Dr. Kahan is also an Affiliate Faculty member in Computer Science and Engineering at the University of Washington.
Dr. Kahan has extensive experience with high performance computer (HPC) systems. A first conversation with ISB faculty member Dr. Shmulevich and affiliate Dr. Flann in 2010 began with, “Where do you think HPC could have the greatest impact on your work?” Their response led Kahan to pursue funding from the Pacific Northwest National Laboratory (PNNL) needed to create Biocellion. Biocellion simulates the behavior of living systems having billions of cells at high fidelity. ISB uses Biocellion to model yeast colonies, human skin, and glioma. In late 2013, Kahan formed Biocellion SPC to further adoption.
For the twentyfive years prior, Kahan had held various technical and management positions at Pacific Northwest National Laboratory, Google, Cray, Tera Computer, and AT&T Bell Laboratories. He was educated as an Electrical Engineer at UC Berkeley and as a Computer Scientist at the University of Washington in the 1980s. Kahan’s contributions center around innovations that overcome the congestion and inefficient use of resources that arise within large computer systems applied to solve big problems. Curious about how these methods compare to those applied in other domains involving systems, he returned to school at Seattle University, where he studied emergence of collective vision through their Organization Systems Renewal program.
At about the same time as starting Biocellion, Kahan started a project at the University of Washington in Computer Science and Engineering (“Grappa”) based on earlier work at Tera and Google. Grappa is a general purpose software platform intended to offer high performance particularly in the space of irregular applications, which includes large graph analytics. Graph analytics centers on discovering patterns of relationship such as arise in systems biology and other domains where knowledge is represented by networks.
Grappa has conceptual similarities to methods for facilitating emergence of collective vision. Both invest time in transformational processes that introduce disorder to create opportunity for better alignment of subsystem behaviors before execution. The end result is greater efficiency within system components.
In social systems, stakeholders with diverse perspectives may intentionally be assembled despite the conflict that ensues. A time-consuming technique called “subgrouping” is used to establish common ground. From this common ground emerges a collective vision that provides the foundation for a sustainable solution. Aligned in their vision, stakeholders’ subsequent actions contribute more directly to the solution.
Grappa programs produce enormous numbers of sub-computations with diverse resource requirements. Grappa expends time to align the needs of these sub-computations. Though this slows down progress of the individual sub-computations, greater computational efficiency results from the communication, processing, and memory subsystem components. A consequence is that for several data-intensive applications and scientific benchmarks, the University of Washington team has shown that Grappa outperforms contemporary approaches even on relatively small computer clusters having only a few hundred processors.
Social systems and HPC are not the only domains where creating opportunity through disorder at the system level creates opportunities to realign and achieve greater efficiency at the subsystem or component level. Additional examples are numerical optimization and evolutionary biology. In a pre-existing system, the purpose, system, subsystems and their desired order are stipulated: at most the inducement of disorder and, to a greater extent, the design of the transformative processes are controllable interventions. Kahan shares other engineers’ and scientists’ interests is designing such interventions. Prerequisite to that design is understanding not only the subsystems’ properties but also their relationships within the encompassing system. In whatever paradigms or patterns are of interest to system scientists and engineers, this holds true: that an understanding of componentry is only a first step; relationships are what make the system more than the sum of its parts.

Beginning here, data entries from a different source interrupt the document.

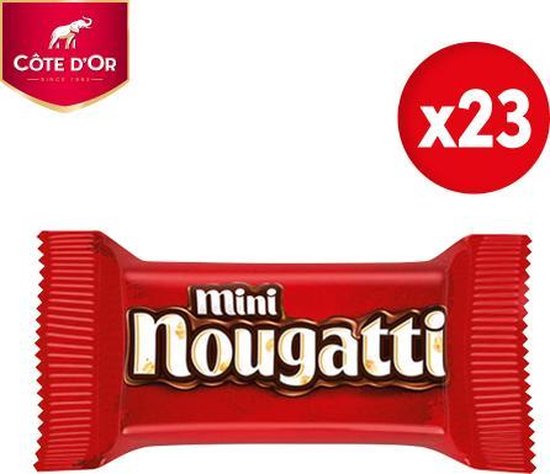 Côte d'Or Cadeau - Chocolade Bonbons Mini Nougatti 23 stuks - 296g
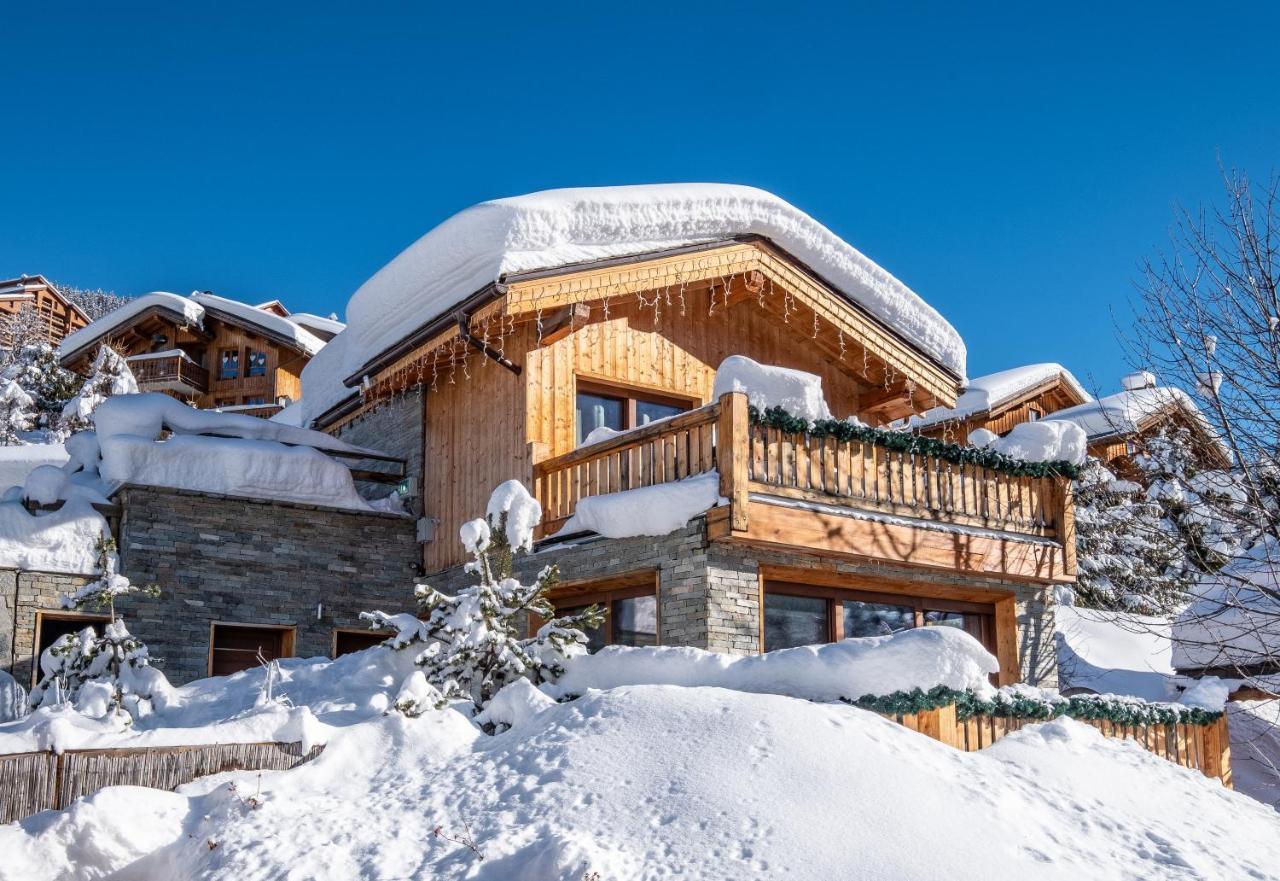 Chalet Zebra Villa Meribel Luaran gambar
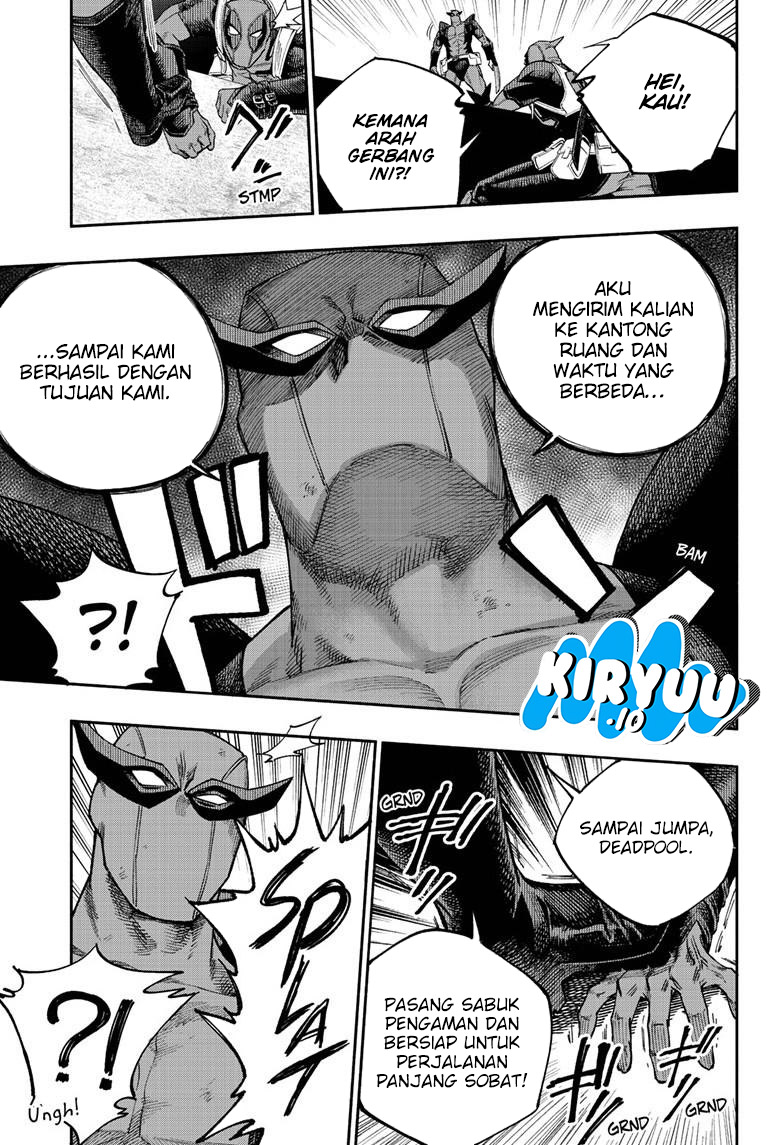 Baca Deadpool: Samurai - Chapter 21 halaman 16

Both software projects Kahan instigated are pertinent to understanding these relationships in biological systems: Biocellion enables an empirical exploration of their implications through modeling and simulation of cellular systems; Grappa provides an efficient computational infrastructure for applications exploring big graphs. Kahan’s affiliation with ISB is made in this context: a shared belief that the exploration of multiscale phenomena is foundational to systems biology; and that in enabling this exploration, high-performance computational graph analytics, modeling and simulation tools are essential.